Amelia melirik arah arlojinya.

"Sudah hampir jam satu Adrian. Kita pulang yuk!"

"Ayo. Besok kamu pulang jam berapa?"

"Pagi aku harus ke rumah Mbak dulu. Baru langsung pulang."

"Bareng aku aja!"

Wajahnya mendongak ke arah Adrian.

"Maksud kamu gimana?"

"Ya, aku bareng kamu. Lumayan 'kan aku bisa jadi sopir kamu."

"Ta-tapi rumah kamu kan di Surabaya."

"Gampanglah, Surabaya - Malang dekat."

Tampak Amelia berpikir sesaat. Dia tak langsung memberi jawaban.

'Sebenarnya kalau ada Adrian, enak di aku sih. Enggak capek di jalan. Ada teman lagi.'

"Lama kali mikirnya, Non?"

Seketika Amelia langsung tergagap. Dia pun belum bisa memberi jawaban. Kemudian, mereka berdua meninggalkan tempat itu. Berjalan menyusuri jalanan kota yang sudah lengang.
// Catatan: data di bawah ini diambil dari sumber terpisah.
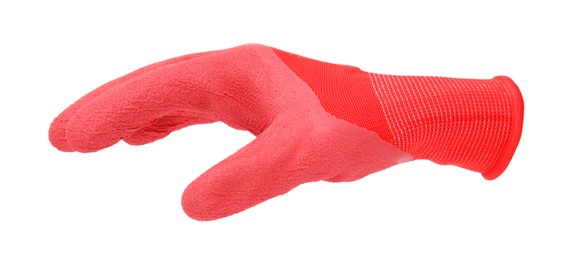 One red gardening glove isolated on white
Semilir angin malam berembus. Menerpa tubuh keduanya. Sesekali Amelia menengadahkan kepalan ke atas. Menghirup udara segar. Seakan ingin melupakan semua yang telah terjadi.

"Kamu mikirin apa? Cowok itu?"

"Ohh, enggak mikirin apa-apa."

Tampak Adrian manggut-manggut.

"Dia dulu mahasiswaku tanpa sengaja."

"Kamu seorang dosen?"

Amelia menanggapi dengan tersenyum.

"Dulu sekali Adrian, sebelum aku menikah."

"Wowww, selama itu dia mencintai kamu?"

"Iya. Penuh dengan penolakanku."

"Pasti itu. Apalagi perbedaan usia kalian juga kan?"

"Iya. Waktu itu dia masih bisa menerima. Dan aku pun tak hanyut oleh perasaannya."

"Berarti sekarang?" tanya Adrian dengan melirik ke arah Amelia.

Tak ada jawaban yang terdengar. Amelia hanya terdiam dengan pandangan lurus ke depan. Langkah mereka memasuki loby hotel, dengan berjalan beriringan.

Tiba-tiba ....

"Amelia!"

Sebuah suara yang terdengar akrab di telinganya. Sontak mereka berdua menoleh ke belakang. Tampak Romy sudah berdiri dengan memandang tajam pada Amelia.

"Romy!!!"

Raut wajah Amelia tampak terkejut. Dia tak menyangka jika Romy kembali ke hotel ini.

"Ngapain kamu ke sini?"

"Aku ingin bicara!"

"Apa lagi?"

Tanpa memedulikan Adrian. Romy menarik lengan Amelia. Lebih mendekat padanya.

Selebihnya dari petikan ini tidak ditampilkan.